# Understanding decidability

Sorry this is a basic question to understand decidability. It is the first time I see it in my undergrad course.

1) I am reading why the language AFDA is decidable and why ATM (halting problem) is not. The explanation says that the emulated TM in ATM might loop forever. I agree, because a specific input string might make the TM going forever, always able to apply rules and never halting.

However, why is AFDA decidable? What if the automaton never reaches any of its final states and keeps looping? There might be a specific input that makes the FDA never reach such states. I understand that once the input string finishes, it will be either accepted or rejected, but what if it does not finish? I'm assuming the input string in the TM can be infinite.

2) The same problem I have here:

A = { 0^k 1^k | k >= 0}


This language is decidable, and it will halt in strings like 10, 010101, etc but what if the input string is infinite 01010101...... it will never end.

What am I missing?

• I am sorry but I originally published it in StackOverflow where I saw plenty of questions about TMs.
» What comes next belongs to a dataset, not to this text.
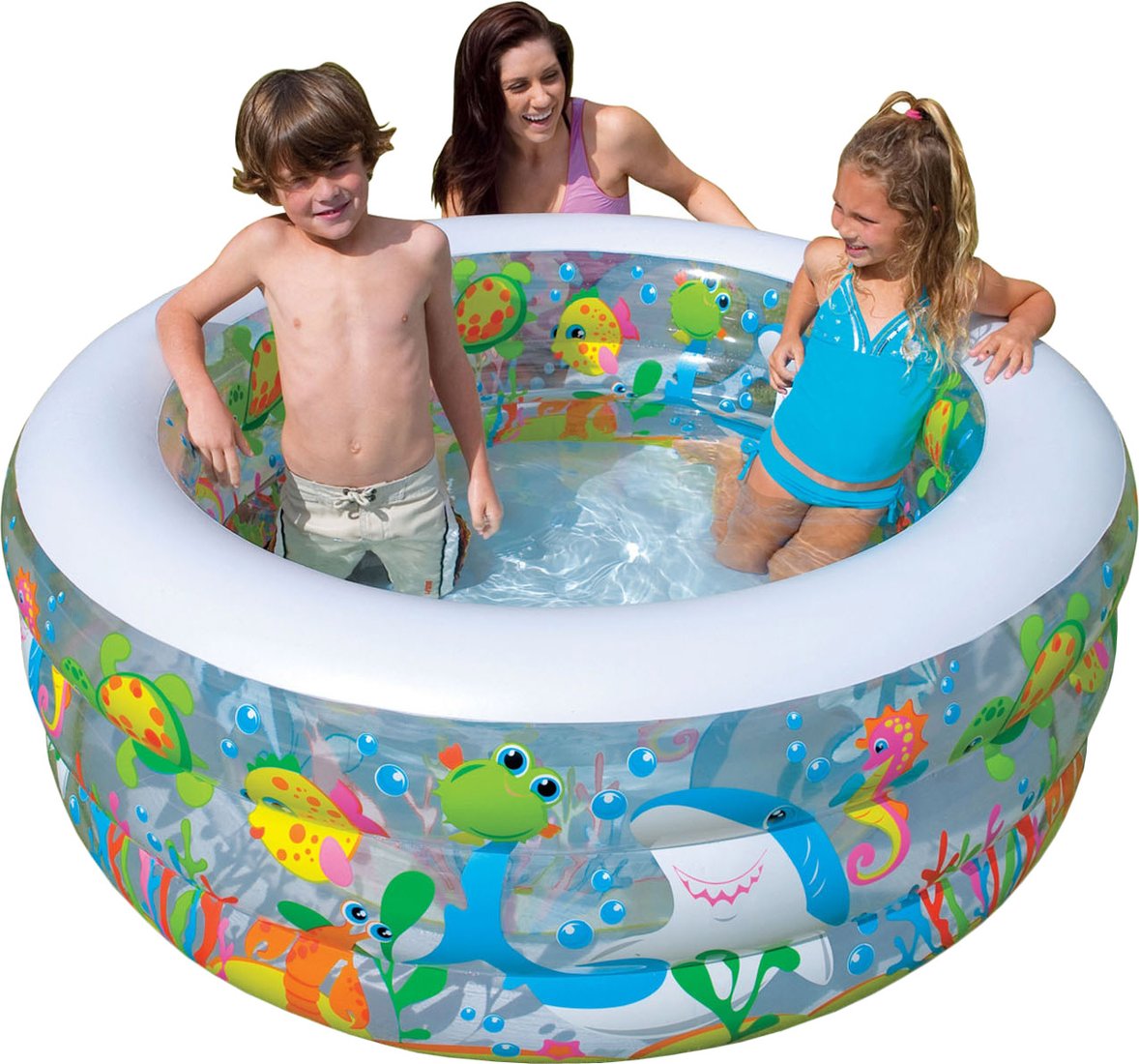 

Надувной бассейн Intex Aquarium 152х56 (58480)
Then I was sent here... then now you -1 my question and send me to Computer Science... Nobody agrees. I think my question is strongly related to theoretical computer science, though... – Bea Mar 5 '14 at 19:46
• no dispute that this relates to theoretical computer science. However, it's the "level" of the question that places it in CS.SE. I'm sorry that SO moved you here: they should have moved you straight to CS.SE – Suresh Mar 5 '14 at 19:56
• Yes, thanks. I read the help center and I agree the question does not belong here. I did not even know about this site, but this is what I was told in SO... Sorry about that – Bea Mar 5 '14 at 19:58
• too many acronyms around ... I have done quite a bit of automata theory, but I do not recall seeing AFDA before. – babou Mar 6 '14 at 13:13

2) Inputs are always finite strings. There are generalizations of finite automata ($\omega$-automata of various kinds [Buchi, Rabin, Muller]) that accept $\omega$-words (countably infinite strings) as inputs.